Consider portraying a question involving a happy
person asking about a small cup of coffee. This has
three simultaneously occurring facial processes: the
question nonmanual, the small size nonmanual and
the happy affect. If the animator has modelled each
of these separately, then a morphing system is forced
to choose only one of them and ignore the other two,
resulting in a failure to communicate the intended
message.
Attempting to mitigate this issue by pre-
combining poses lacks flexibility and is labour
intensive to the point of impracticality. There are six
basic facial poses for emotion (Ekman and Friesen,
1978) and at least fifty-three nonmanual signals
which can co-occur (Bridges and Metzger, 1996).
Trying to model all combinations would result in
hundreds of facial poses. In addition, the timing of
these combinations would suffer the same problems
of flexibility associated with using video recordings.
Maskable morphing attempts to address the
inflexibility problem by subdividing the face into
regions such as Eyes, Eyebrows, Eyelids, Mouth,
Nose, and allows the animator to choose a distinct
pose for each region. This is an improvement but the
“choose one only” problem now migrates to
individual facial features, and thus it still does not
support simultaneous processes that affect the same
facial feature. For example, both the nonmanual OO
and the emotions of joy and anger influence the
mouth.
The technique of muscle-based animation more
closely simulates the interconnected properties of
facial anatomy by specifying how the movement of
bones and muscles affect the skin (Magnenat-
Thalmann, Primeau and Thalmann, 1987) (Kalra,
Mangili, Magnenat-Thalmann and Thalmann, 1991).
If two different expressions use the same muscle,
their combined effect will pull on the skin in a
natural way. However, managing and coordinating
all of these muscle movements have a tendency to
become overwhelming.
Timing is the main problem. Co-occurring facial
linguistic processes will generally not have the same
start and end times. Some processes may be present
for a single word, others for a phrase, and others for
an entire sentence. Errors in timing can change the
meaning of the sentence.
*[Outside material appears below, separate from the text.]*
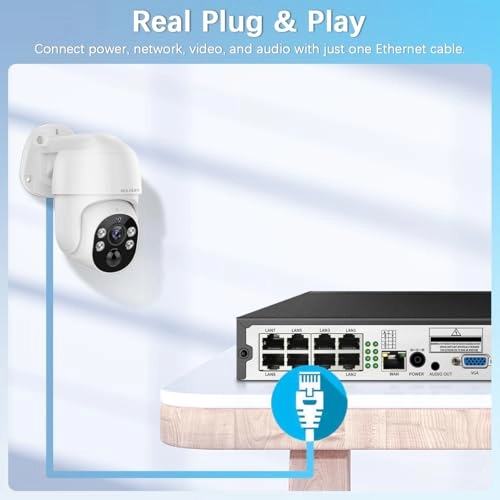 4K Wired Security Camera System - 4-Cam 8 channels 2160p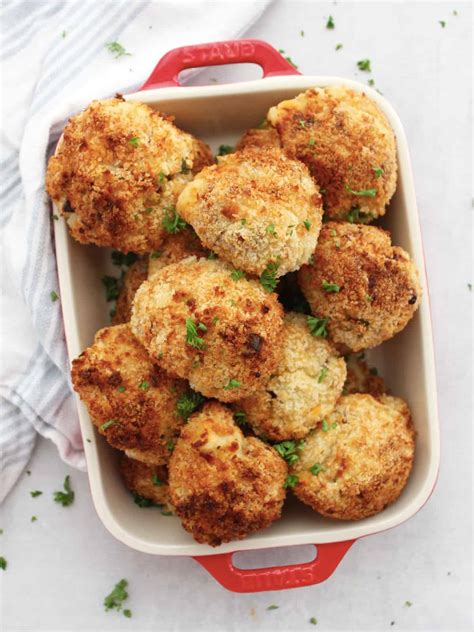 air fryer cheesy potato balls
For example, both the
affect anger and the WH-question nonmanual
involve lowering the brows. If the timing is not
correct, the WH-question nonmanual can be
mistaken for anger (Weast, 2008). Errors in timing
can also cause an avatar to seem unnatural and
robotic, which can distract from the intended
communication. This is analogous to the way that
poor speech synthesis is distracting and requires
more hearing effort (Warner, Wolff and Hoffman,
2006).
4 RELATED WORK
Several active research efforts around the world
have a shared goal of building avatars to portray sign
language. Their intended applications include
tutoring deaf children, providing better accessibility
to government documents and broadcast media, and
facilitating transactions with service providers. This
section examines their approaches to generating
facial nonmanual signals.
Very early efforts focused exclusively on the
manual aspects of the language only (Lee and Kunii,
1993; Zhao et al., 2000; Grieve-Smith 2002). Some
acknowledge the need for nonmanual signals but
have not yet implemented them for all facial features
(Karpouzis, Caridakis, Fotinea and Efthimiou,
2007). Others have incorporated facial expressions
as single morph targets. This has been done using
traditional key-frame animation (Huenerfauth, 2011)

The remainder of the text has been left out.